Vermont Mountain Bike Association executive director Tom Stuessy described the weekend as a “wild success,” especially considering it was The Valley’s first time hosting the event.
This year the number of riders was definitely up from previous years, Stuessy said, as was the number of vendors.
Stuessy said that he would love to see the festival continue to grow as long as they are still able to move around and showcase different areas of Vermont. Stuessy also wants to ensure that the festival does not lose its grassroots feel.
“Moving [the festival] to The Valley was a great decision,” Stuessy said.
All of the information a participant needed was written on a blackboard on the second floor of the Mt. Ellen base lodge. The board held the weekend’s schedule broken into three categories: ride, eat and play.
Under “ride” were three categories: beginner, intermediate and expert. The participants were shown the length of each ride in miles, as well as a ranking from one to five for both level of fitness and skill required. In total there were 18 trails to choose from.
On the right side of the board were a schedule of meals and a “play” section detailing all of the activities. Activities included guided rides, a welcome party on Friday, a kids’ station, a Saturday barbecue and a yoga session Friday morning.
The Blueberry Lake trail system, which John Atkinson, director of the Mad River Riders, considers the Mad River Riders’ greatest success, was described as a madhouse, attracting bikers with various levels of experience.
Atkinson described the area as its own satellite festival, speaking to the level of activity that was seen at the lake. It was easily the busiest place in The Valley, Atkinson said.

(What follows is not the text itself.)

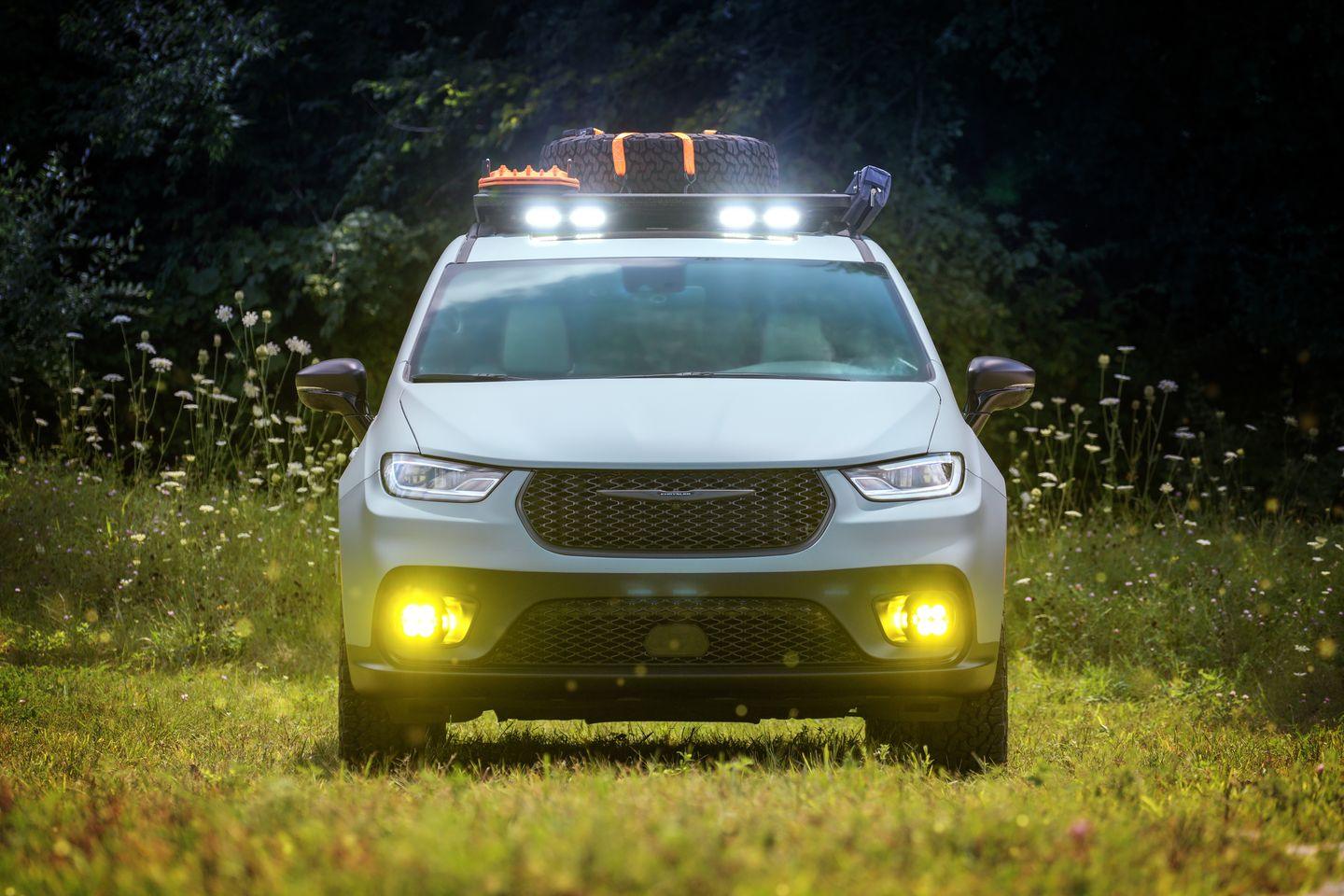 Chrysler Pacifica Grizzly Peak koncept minivana o wyjatkowych mozliwosciach 02 Wiadomości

Riders could go to Blueberry Lake to swim or rent kayaks and paddleboards from Clearwater Sports, and The Mad Taco showed up on Saturday catering to hungry bikers waiting for a bus back to the base lodge.

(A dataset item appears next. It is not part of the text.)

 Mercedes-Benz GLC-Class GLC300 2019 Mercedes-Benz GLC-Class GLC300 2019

Atkinson led five rides throughout the weekend, at Blueberry Lake on Friday and Saturday and moving to more difficult terrain on Sunday, when he took a group from the top of Lincoln Peak down the mountain and back to the festival.

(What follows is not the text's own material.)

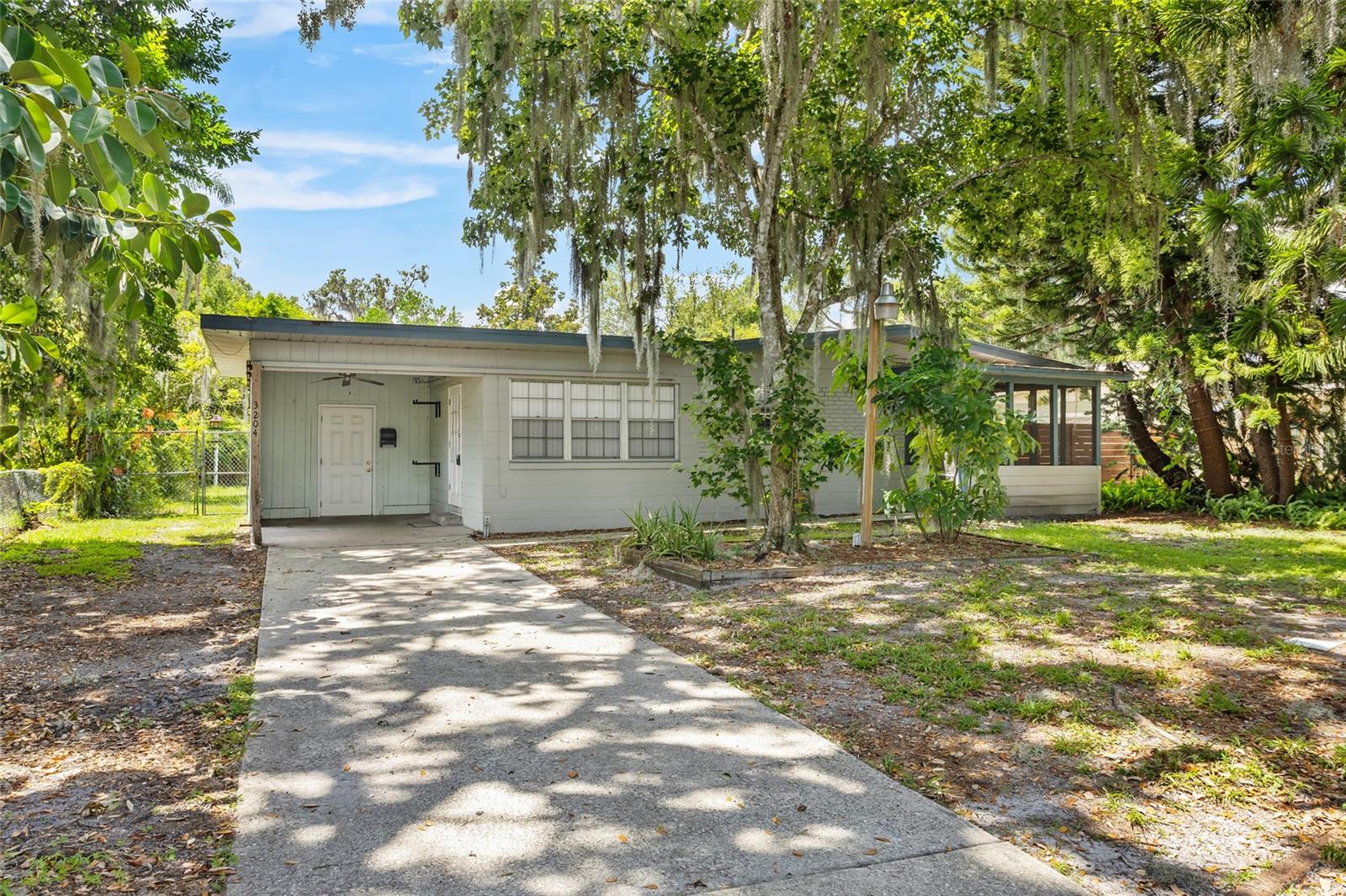 3204 INDIAN DR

Saturday night brought the only rough patch of weather. Heavy winds blew in and suddenly riders’ tents began to topple over and vendors hustled to secure their gear and pack their tents before they blew away.
Bikers were seen running around asking one another for help securing camps and within a half hour everything was secure and riders were safely inside the Mt. Ellen base lodge.
Luckily the wind and rain did not last and when the sun came back out the party continued with no loss of spirit.
Both Stuessy and Atkinson heard only one complaint throughout the entire weekend, coming from a rider dissatisfied with the wait for a pickup bus. There were no complaints about the rides or the trails.
There are certainly matters of efficiency that can be improved upon for next year, Stuessy noted.
“In my mind we have already started planning next year,” Atkinson said.
There could be more trails opening before next year’s festival, Atkinson said. They are set to finish Lookout Loop, which would be Blueberry Lake’s fifth trail, a trail from Chain Gang that would connect to Route 17, and they could add to the top of the new Evolution trail.